For purposes of this Article 7, the following terms shall have the meaning set forth below:

(a) The term “Cash Dividends” means the cash dividends that are paid on or after March 1, 2002 by the Company with respect to Company Stock held in the Trust.

(b) The term “Company Stock” means common stock issued by the Company (or by a corporation which is a member of the same controlled group) which is readily tradable on an established securities market.

(c) The term “Payment Election” means a completed election made under Section 7.3 pursuant to which a Participant has affirmatively elected to have his or her Cash Dividends paid to the Trustee and distributed by the Trustee to the electing Participant outside the Plan.
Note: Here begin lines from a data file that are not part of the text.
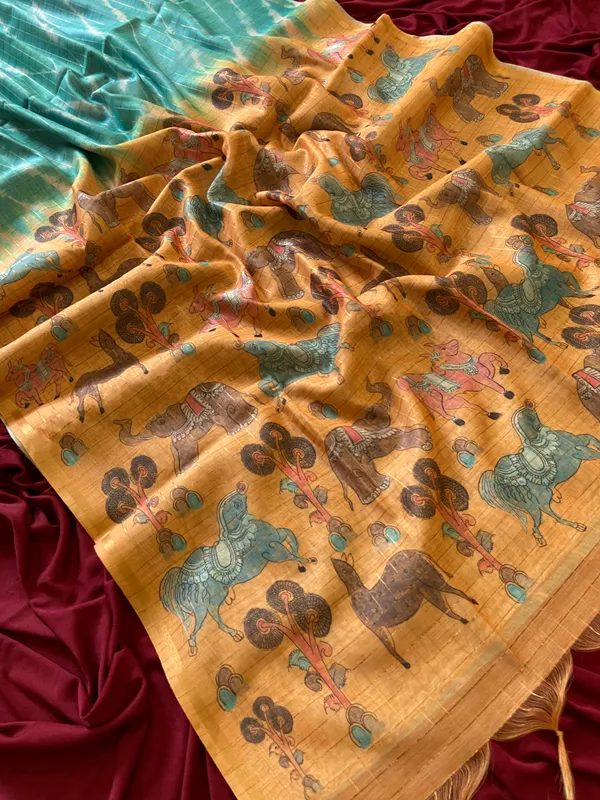 Soft_Tussar_Silk_sarees_with_Beautiful_Srikalahasti_Style_Of_Kalamkari_Digital_Print_With_Attractive_Border_And_Contrast_Print_Blouse_With_Tassels
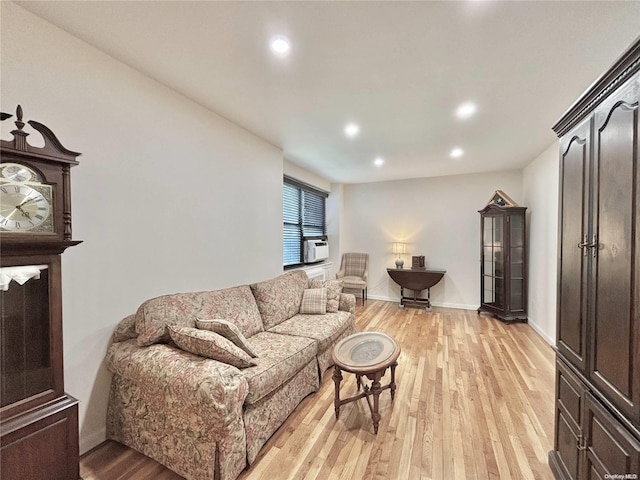 living room featuring light hardwood / wood-style flooring and cooling unit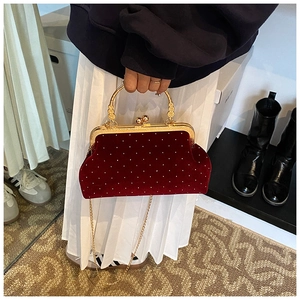 Close-up of red velvet evening bag with white polka dots and ornate gold handle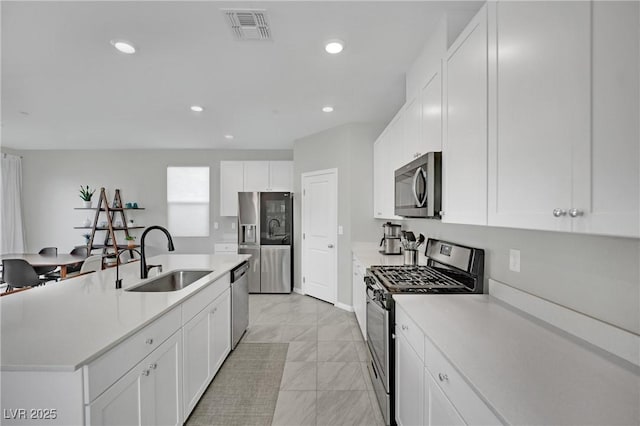 kitchen featuring visible vents, a kitchen island with sink, a sink, stainless steel appliances, and light countertops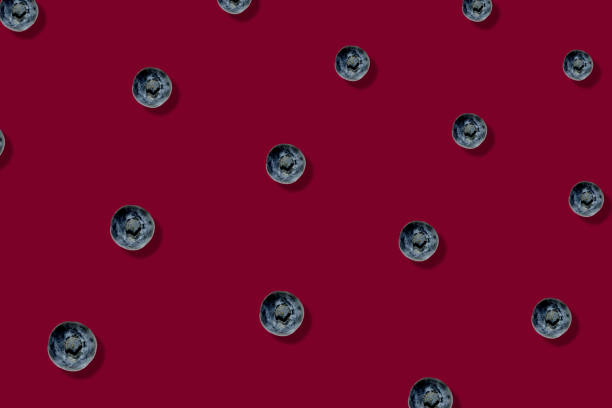 istock Colorful fruit pattern of fresh blueberries on red background. Top view. Flat lay. Pop art design 1368278374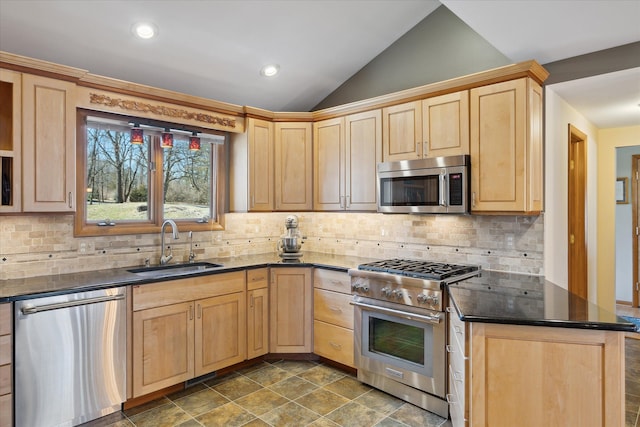 kitchen with vaulted ceiling, light brown cabinets, stainless steel appliances, and a sink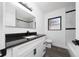 Modern bathroom with dark countertop, stylish vanity, and black and white tiled shower at 5438 San Luis Dr, Orlando, FL 32807
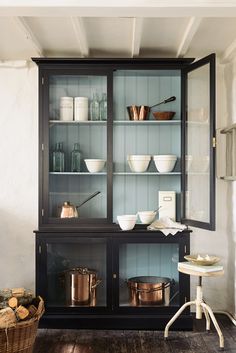 a black china cabinet with glass doors and bowls on the top shelf in front of it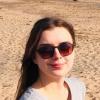 young woman with dark hair and sunglasses with a sandy background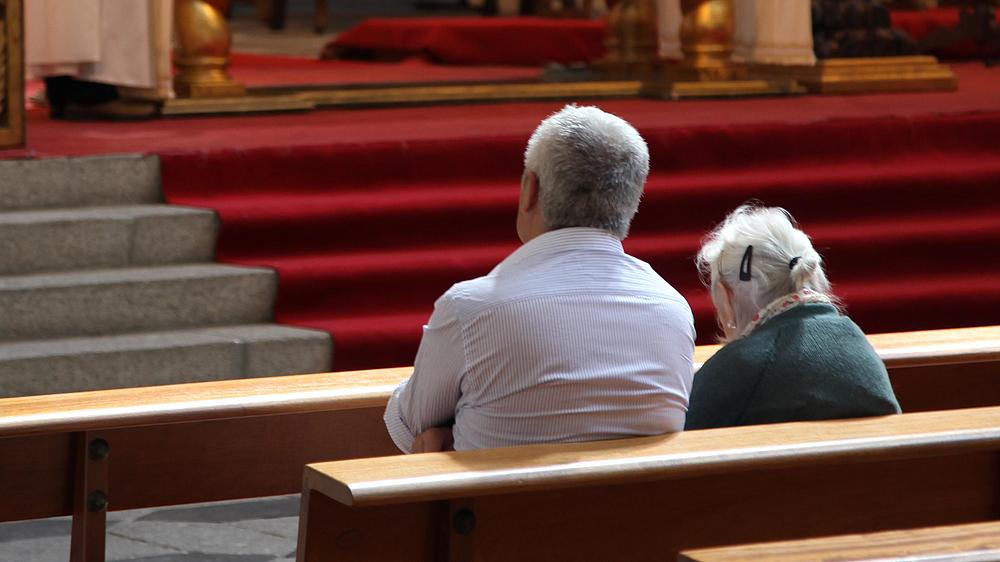 Seniorenpaar in einer Kirche.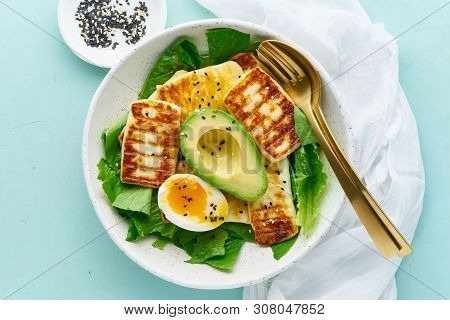 Keto Ketogenic Diet Soft Boiled Eggs With Grilled Haloumi, Avocado And Lettuce, Mediterranean Cuisin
To the extent administratively feasible, the Trustee will distribute the Cash Dividends to Participants on the same day the Cash Dividends are paid to the Trustee. The Plan Administrator may, in its sole discretion, which shall be applied in a uniform and non-discriminatory manner, instead (i) allow Participants to affirmatively elect to have their Cash Dividends paid to the Trustee and distributed by the Trustee to the Participants no later than 90 days after the end of the Plan Year in which paid to the Trustee, or (ii) allow Participants to affirmatively elect to have their Cash Dividends paid directly to them in cash outside the Plan.

Section 7.3 Election to Receive Dividends on Company Stock Fund.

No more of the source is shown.